During his lifetime, È. B. Vinberg has made outstanding contributions to many branches of mathematics, such as Lie groups and algebraic groups, representation theory, invariant theory, hyperbolic geometry, automorphic forms, and discrete subgroups of Lie groups.

We hope to carry on Vinberg's legacy and bring together a wider community of mathematicians interested in the above mentioned domains as well as other fields of study.

## Format

A usual lecture is about 90 minutes long: the first part is a survey talk, and the second part is aimed at experts. There is a short break (about 10 minutes) in between.

## Time & date

In order to obtain the correct time and date of forthcoming talks at your geographic location, please consult our schedule at ResearchSeminars.org

## Zoom & recordings

All recorded videos will appear in YouTube Playlist

### Upcoming talks

### Past Talks: Spring 2022

In the ocean of combinatorial inequalities, two islands are especially difficult. First, Mason's conjectures say that the number of forests in a graph with k edges is log-concave. More generally, the number of independent sets of size k in a matroid is log-concave. Versions of these results were established just recently, in a remarkable series of papers by Huh and others, inspired by algebro-geometric considerations.

Second, Stanley's inequality for the numbers of linear extensions of a poset with value k at a given poset element, is log-concave.
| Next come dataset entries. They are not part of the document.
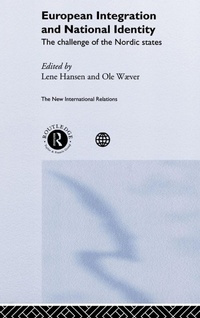 Enlarge image Cover: European Integration and National Identity - Routledge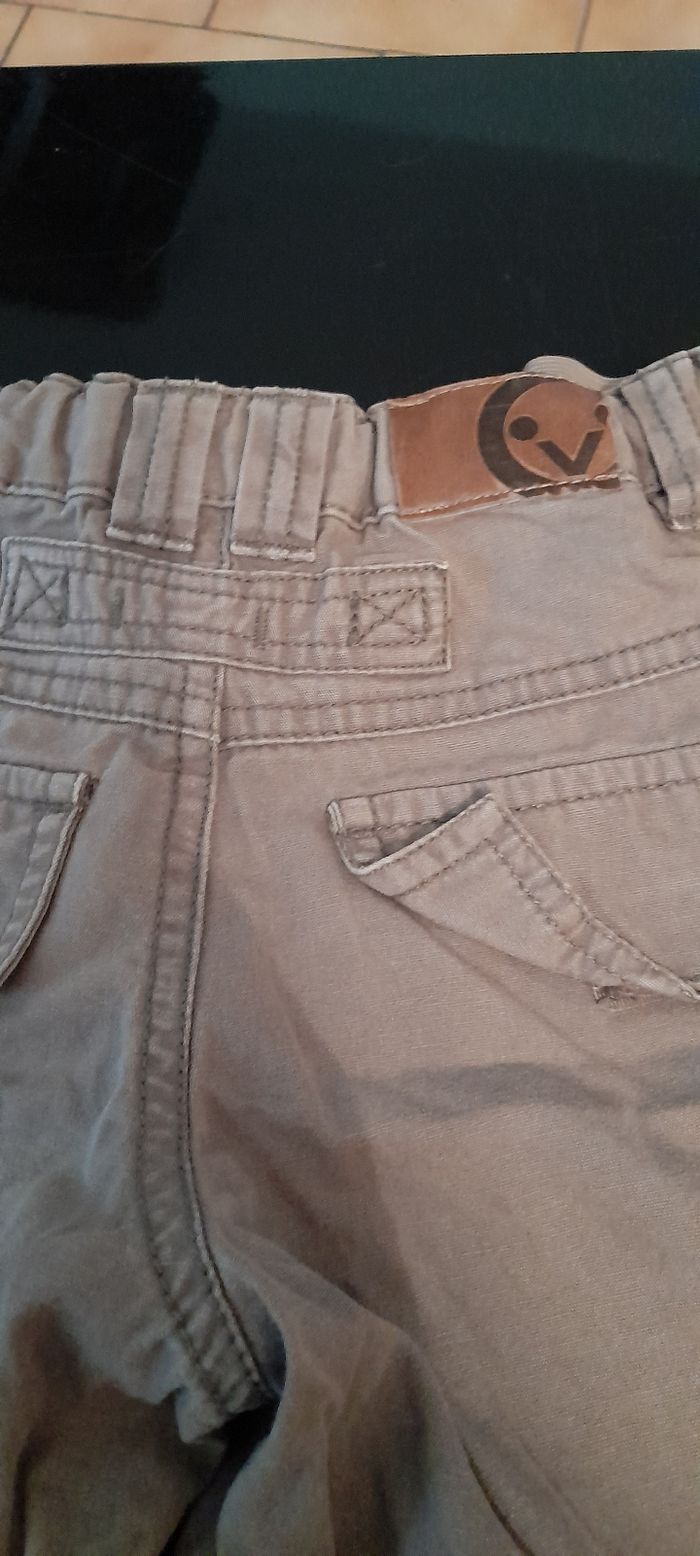 Pantacourt 4 ans - photo numéro 4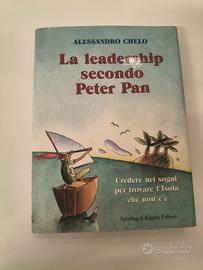 Alessandro Chelo la leadership secondo Peter Pan 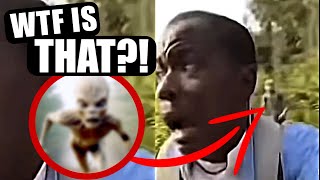 STRANGEST Creature Sightings Aliens Skinwalkers or Cryptids Scary Tiktoks Compilation [upl. by Carolyne]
This was originally conjectured by Chung, Fishburn and Graham, and famously proved by Stanley in 1981 using the Alexandrov–Fenchel inequalities in convex geometry. No direct combinatorial proof for either result is known. Why not?

In the first part of the talk we will survey a number of combinatorial inequalities. We then present a new framework of combinatorial atlas which allows one to give elementary proofs of the two results above, and extend them in several directions. This talk is aimed at the general audience.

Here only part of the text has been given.